■ **Directions**
What follows is a set of records; repeat them exactly, without the pictures.

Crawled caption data
------------------------------------

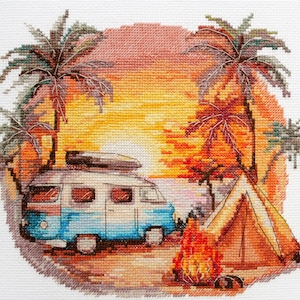 Cross Stitch Kit &quot;Beach Adventures&quot; : Seaside Dreams, Counted Cross-Stitch, Embroidery Pattern, Craft Kit, Summer Home Wall Décor,Abris Art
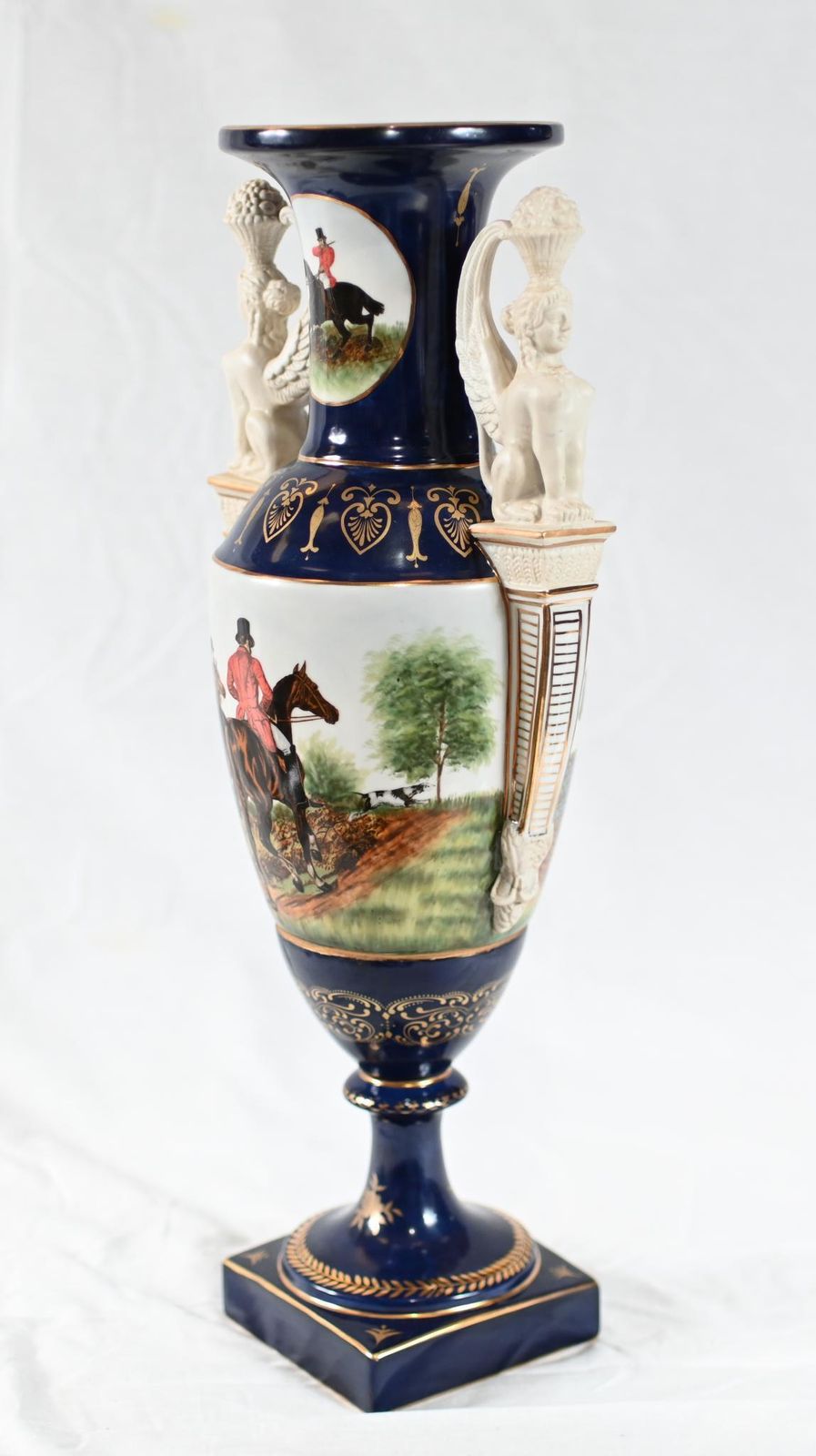 Pair French Sevres Porcelain Vases Bisque Sphinx Urns photo vinterior
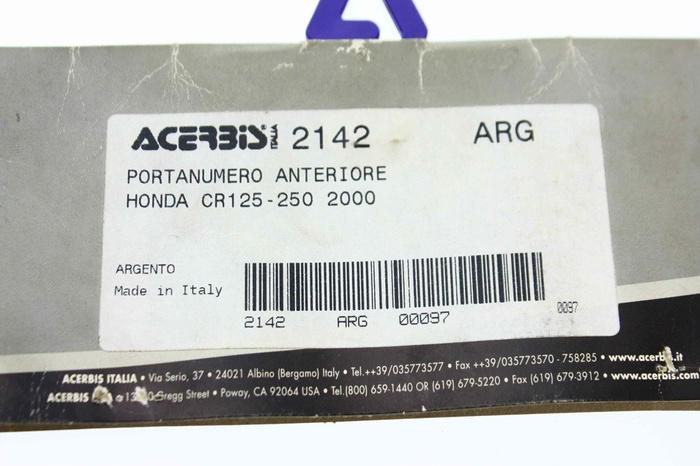 NEW front number plate Acerbis year prod.1999 Honda CR 1998-2002 Vintage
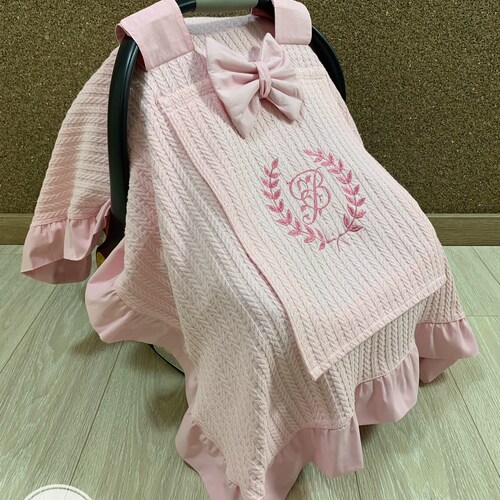 Car Seat Canopy Cover Baby Boy and Girl With Pink Pique and Etsy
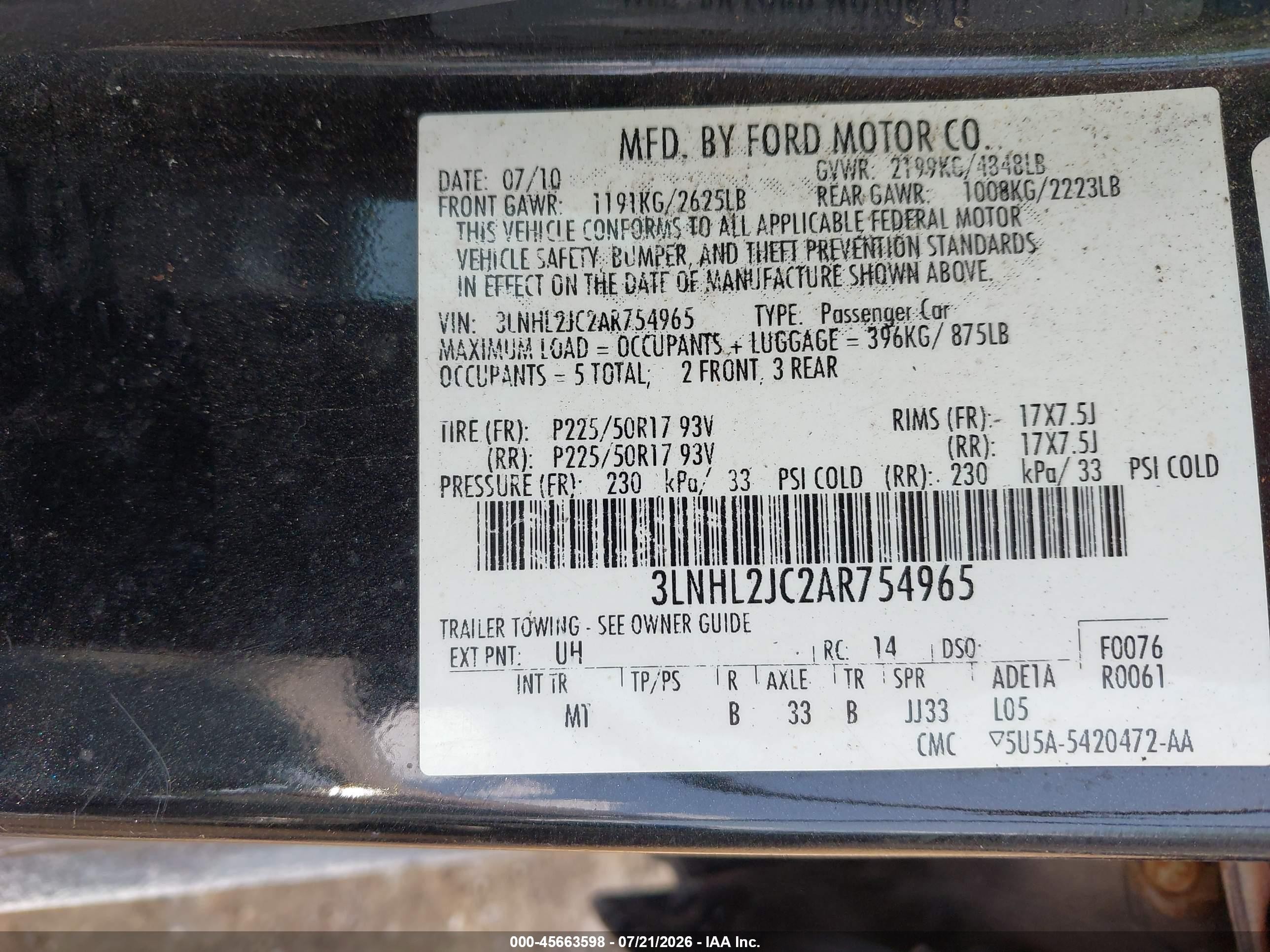 2010 Lincoln Mkz   Black vin: 3LNHL2JC2AR754965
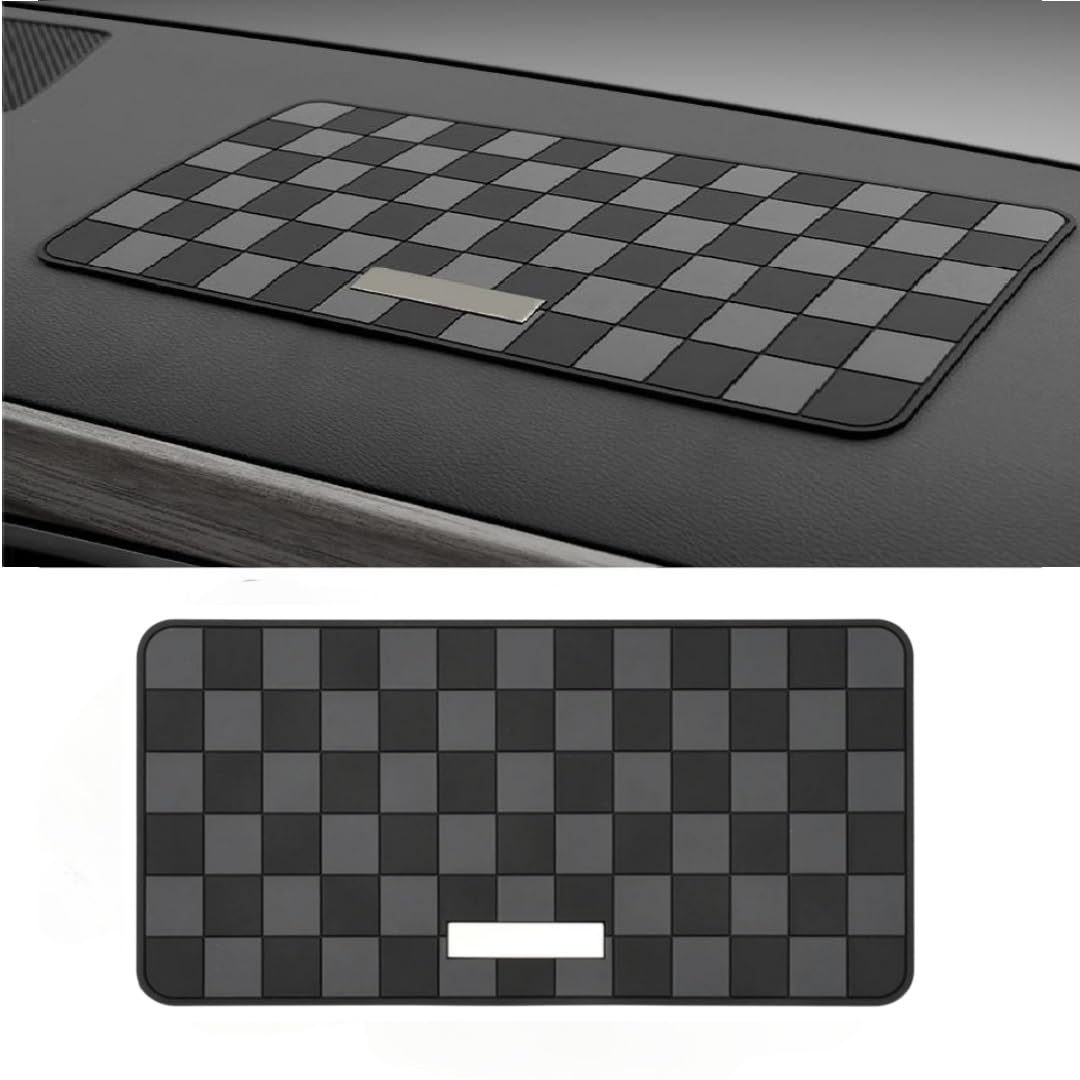 DETACHI Car Dashboard Mat Anti-Slip Rubber Pad Universal Non Slip Car Magic Dashboard Accessories Sticky Adhesive Mat for Phones Sunglasses Keys Electronic Devices and More Use (Black/Grey)Chess Desig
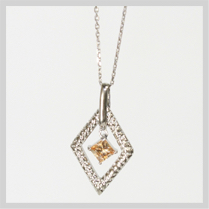 Sterling Silver Stone Accented Pendant on 18 Chain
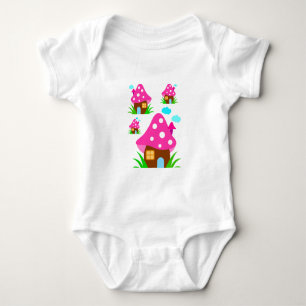 Body Maison Champignon Rose Mignonne et Nuages Couvertu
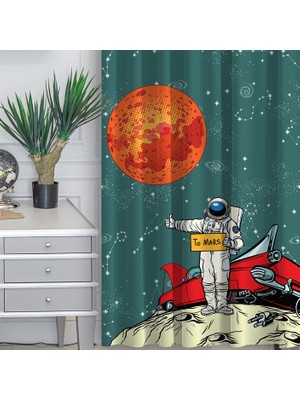 Jwk Home Go To Mars Yeşil Fon Perde Petek Kumaş Tek Kanat (170X260)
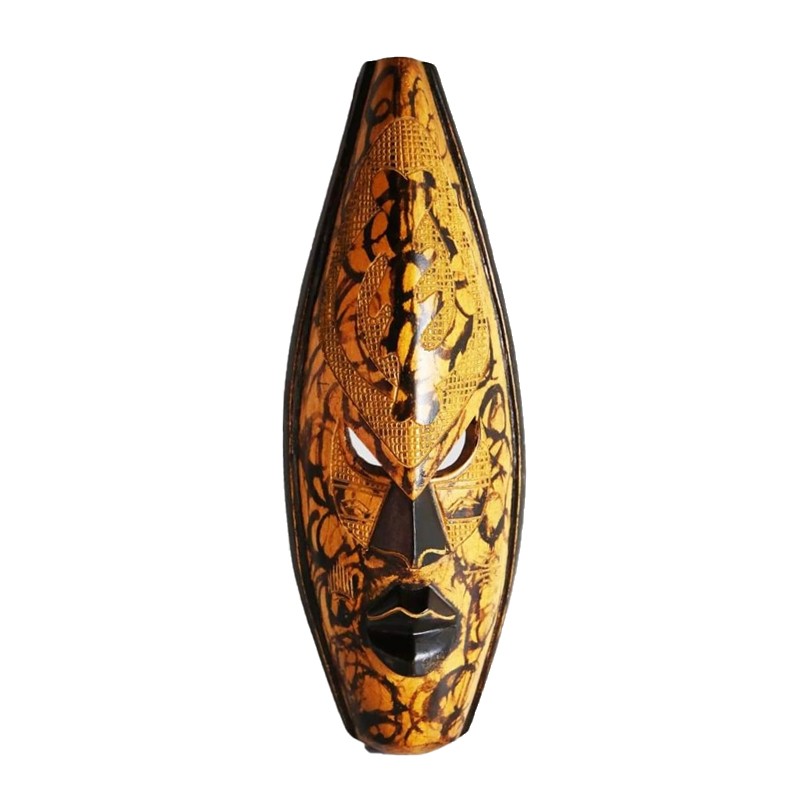 West African Hand Carved Large Shaded Akan Mask House of Avana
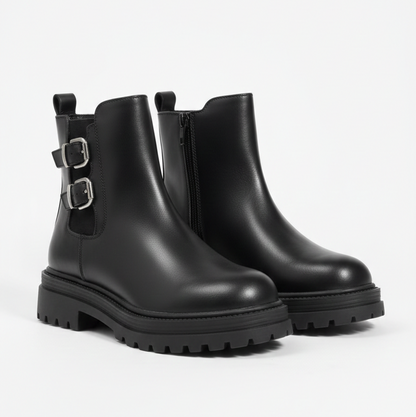 Bottines noires à boucle pour filles avec semelle épaisse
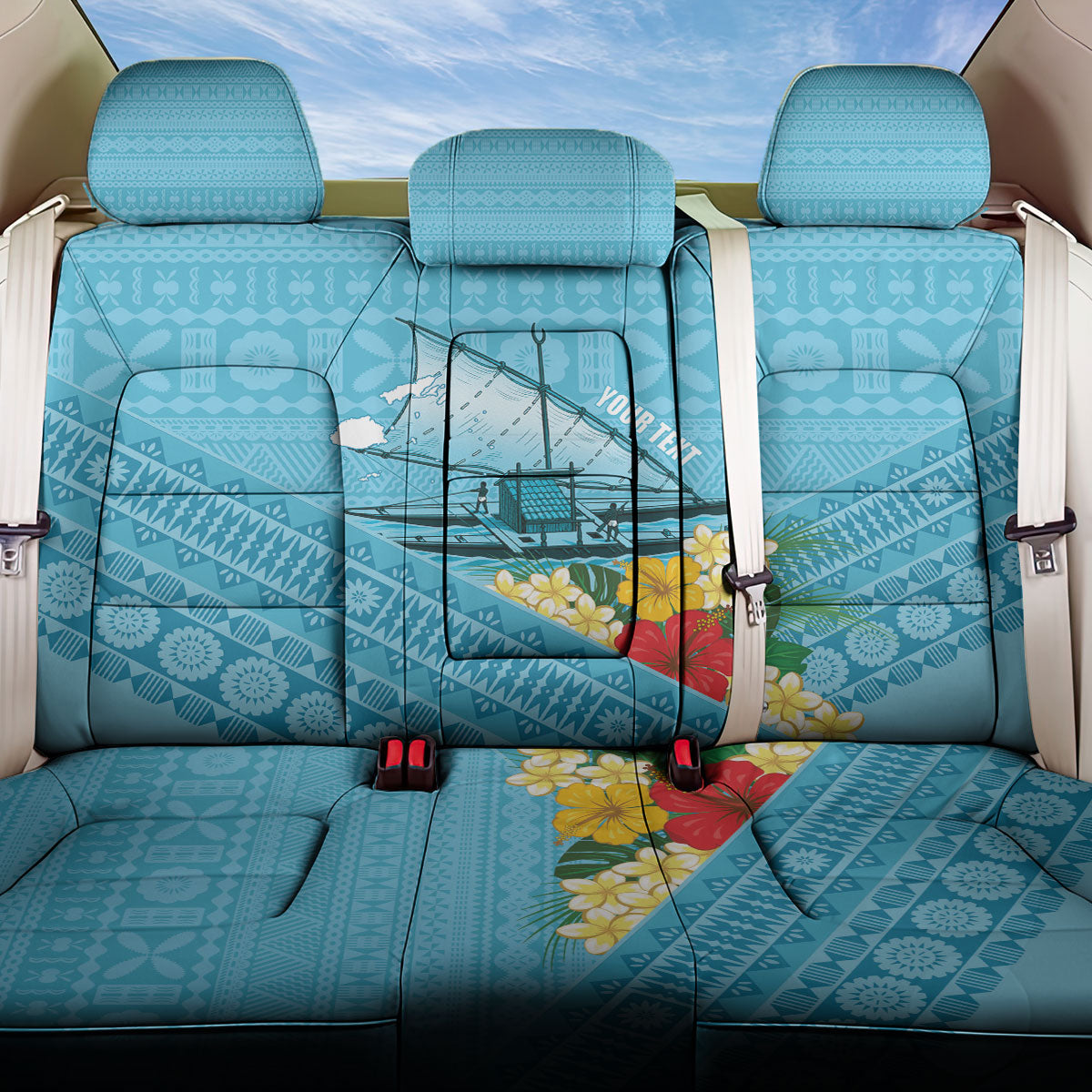 Personalised Bula Vinaka Fiji Drua Back Car Seat Cover Fijian Traditional Canoe Tapa Cloth Blue LT14 One Size Blue - Polynesian Pride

------------------------------------

■ **Task output**
 Cross Stitch Kit &quot;Beach Adventures&quot; : Seaside Dreams, Counted Cross-Stitch, Embroidery Pattern, Craft Kit, Summer Home Wall Décor,Abris Art
 Pair French Sevres Porcelain Vases Bisque Sphinx Urns photo vinterior
 NEW front number plate Acerbis year prod.1999 Honda CR 1998-2002 Vintage
 Car Seat Canopy Cover Baby Boy and Girl With Pink Pique and Etsy
 2010 Lincoln Mkz   Black vin: 3LNHL2JC2AR754965
 DETACHI Car Dashboard Mat Anti-Slip Rubber Pad Universal Non Slip Car Magic Dashboard Accessories Sticky Adhesive Mat for Phones Sunglasses Keys Electronic Devices and More Use (Black/Grey)Chess Desig
 Sterling Silver Stone Accented Pendant on 18 Chain
 Body Maison Champignon Rose Mignonne et Nuages Couvertu
 Jwk Home Go To Mars Yeşil Fon Perde Petek Kumaş Tek Kanat (170X260)
 West African Hand Carved Large Shaded Akan Mask House of Avana
 Bottines noires à boucle pour filles avec semelle épaisse
 Personalised Bula Vinaka Fiji Drua Back Car Seat Cover Fijian Traditional Canoe Tapa Cloth Blue LT14 One Size Blue - Polynesian Pride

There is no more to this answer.